EXTRACTED RECORDS section start

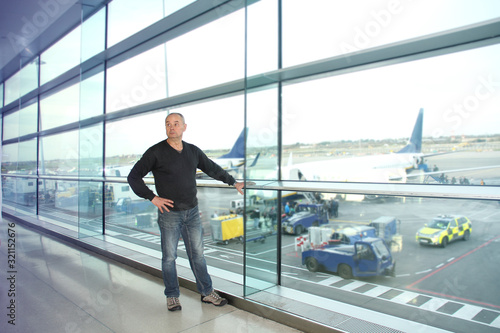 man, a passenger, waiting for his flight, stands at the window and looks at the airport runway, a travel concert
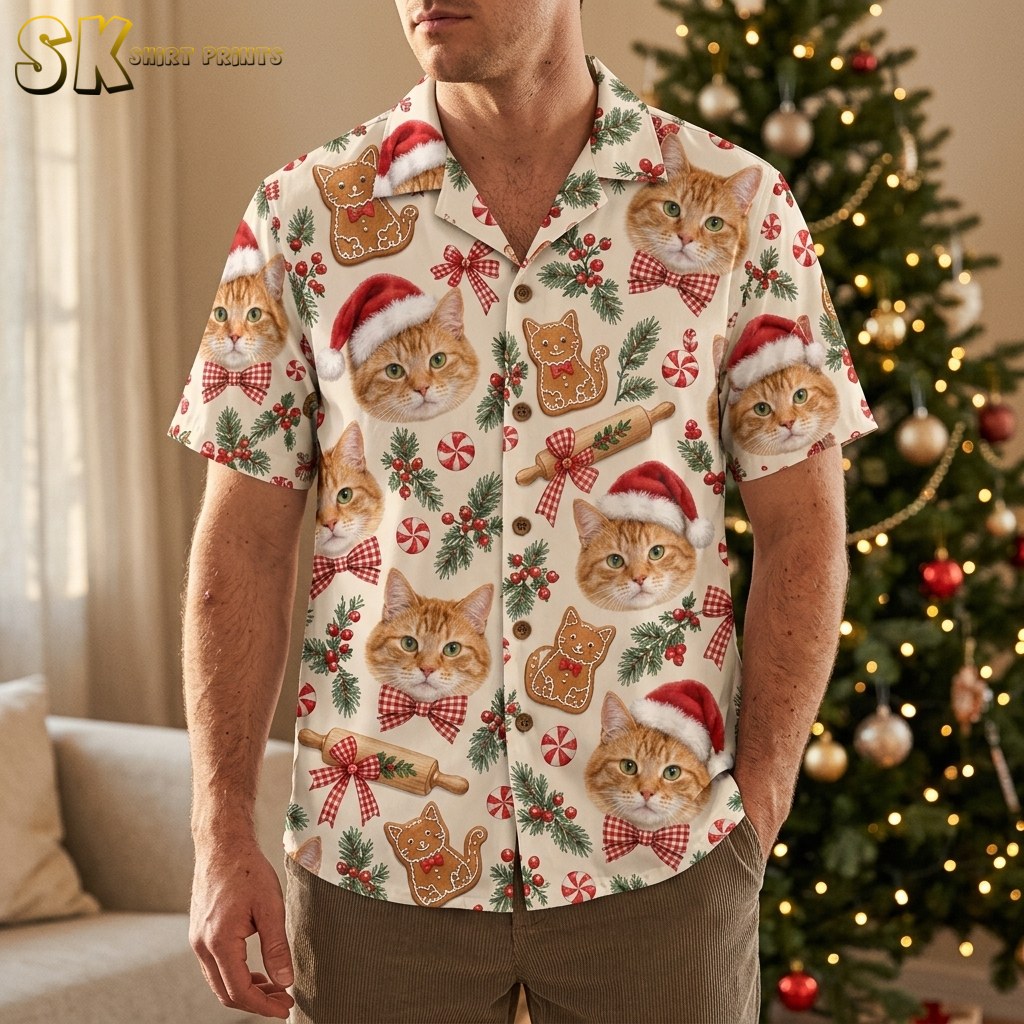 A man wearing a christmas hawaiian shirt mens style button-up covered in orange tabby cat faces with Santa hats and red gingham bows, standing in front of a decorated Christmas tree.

EXTRACTED RECORDS section end
EXTRACTED RECORDS section start

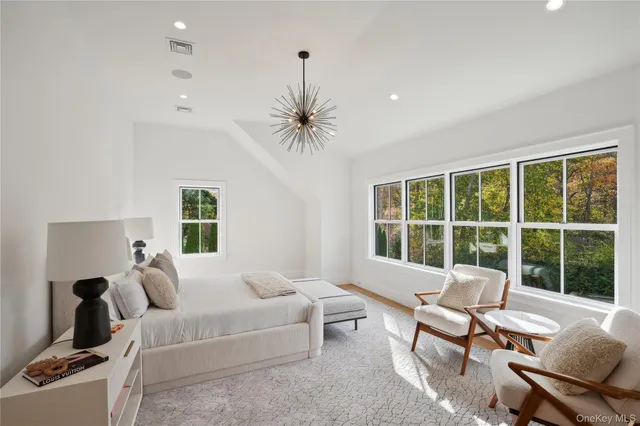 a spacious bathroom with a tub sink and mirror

EXTRACTED RECORDS section end

> _EXERCISE GOAL_:
The lines to copy exactly start with the line above that has "man, a passenger, waiting" and go on through the line that has "A man wearing"; please include both, add nothing else, and omit the pictures.

> _SOLUTION FOR THIS TASK_:
 man, a passenger, waiting for his flight, stands at the window and looks at the airport runway, a travel concert
 A man wearing a christmas hawaiian shirt mens style button-up covered in orange tabby cat faces with Santa hats and red gingham bows, standing in front of a decorated Christmas tree.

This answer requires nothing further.